Problème de la destruction des maisons : 15 familles sont sous des
tentes de l’UNWRA. Il y a deux jours certaines personnes (famille de Hamdam
Hajjaj, 12 personnes) ont été à nouveau expulsées des tentes (nouvelles
destructions, nivelage des terres). Il existe des maisons isolées du village
qu’habite une vingtaine de familles et que les habitants n’ont pas voulu
quitter. Ces maisons subissent des tirs à tous moments.

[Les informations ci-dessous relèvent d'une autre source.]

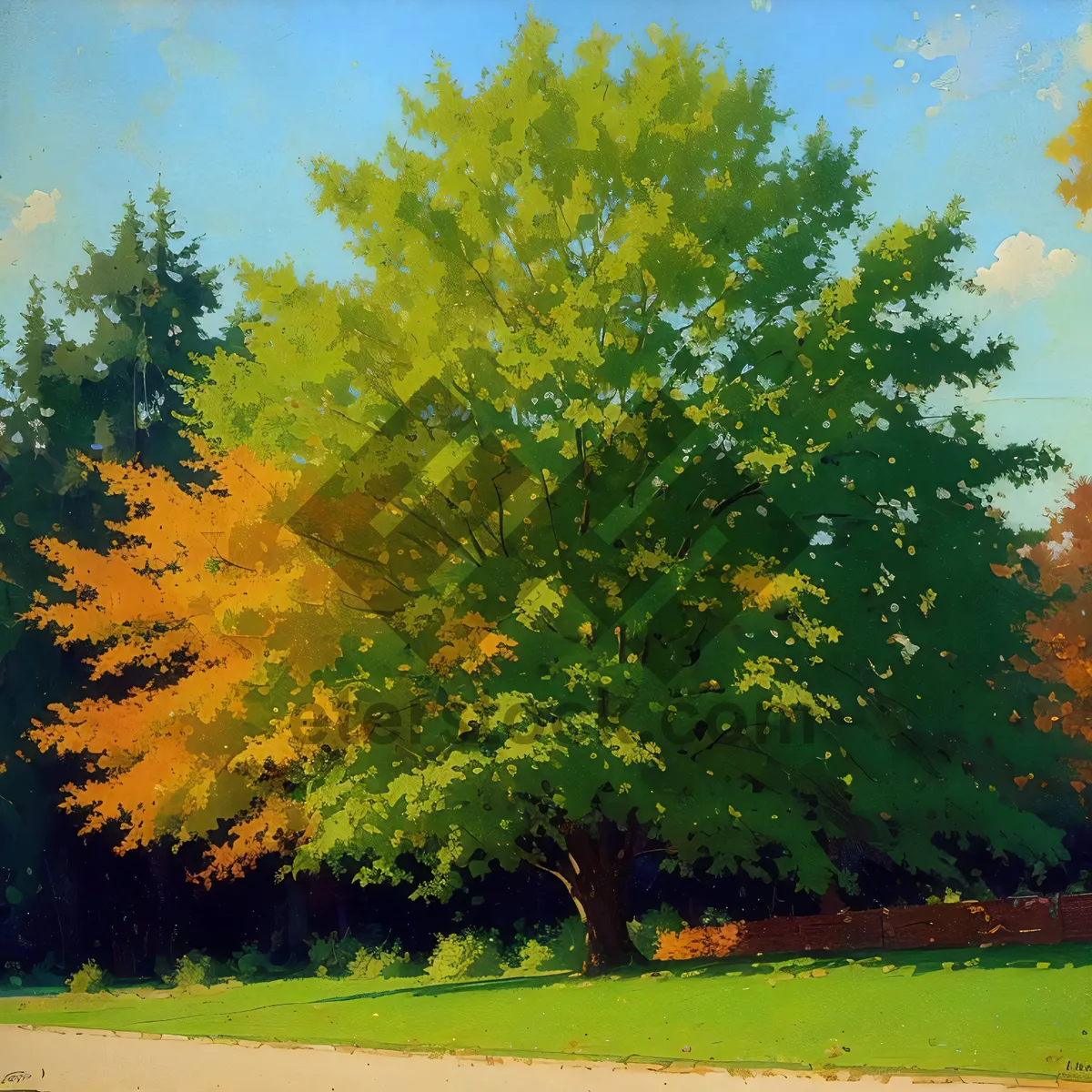 Picture of Vibrant Autumn Landscape with Maple Trees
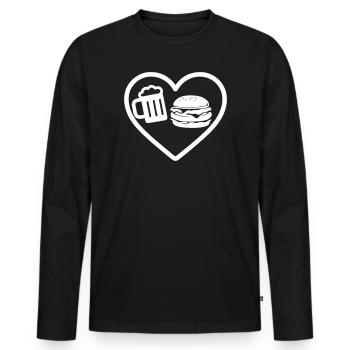 Heart Burger Beer - Men's Premium Organic Long Sleeve Shirt - black - Front - Nico (187cm)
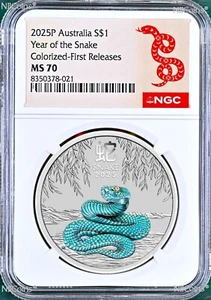 Moneda de plata de $1 año lunar de la serpiente 2025 NGC MS70 1 oz color (azul claro) - Imagen 1 de 2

« A cause de la situation politique, il est difficile de conduire
des action sociales »
Centre de culture bédouine : un comité de 25 personnes a été
nommé et Ibrahim Kashan a été élu à la tête de ce comite. Le comité a reçu
la licence pour établir le centre et dispose maintenant du terrain (500 m2) à
coté de l’Université de Al Qarar. Il reste maintenant à construire le bâtiment
(à trouver les sous je suppose). Les objectifs de ce centre sont de collecter
des vielles histoires, chansons des Bédouins, faire un apprentissage des
vieilles techniques (dont la broderie), constituer un musée de vieux outils et
construire des maisons en sable comme dans le passé. Le projet doit être faxé
à Michel Hilaire sous peu.
La proposition d’un jumelage au niveau des écoles entre St
Pierre d’Aurillac et Al Qarara est accueilli avec joie. Échange de lettres,
de dessins, peut être un jour un voyage.
La troupe Dabka s’agrandit. il y a maintenant des femmes et un
groupe d’enfants a été constitué.
Les citernes à eau ont été construites sur le toit des écoles.
Il y a eu assez d’argent. L’eau recueillie est de très bonne qualité et
les enfants en ramènent parfois chez eux.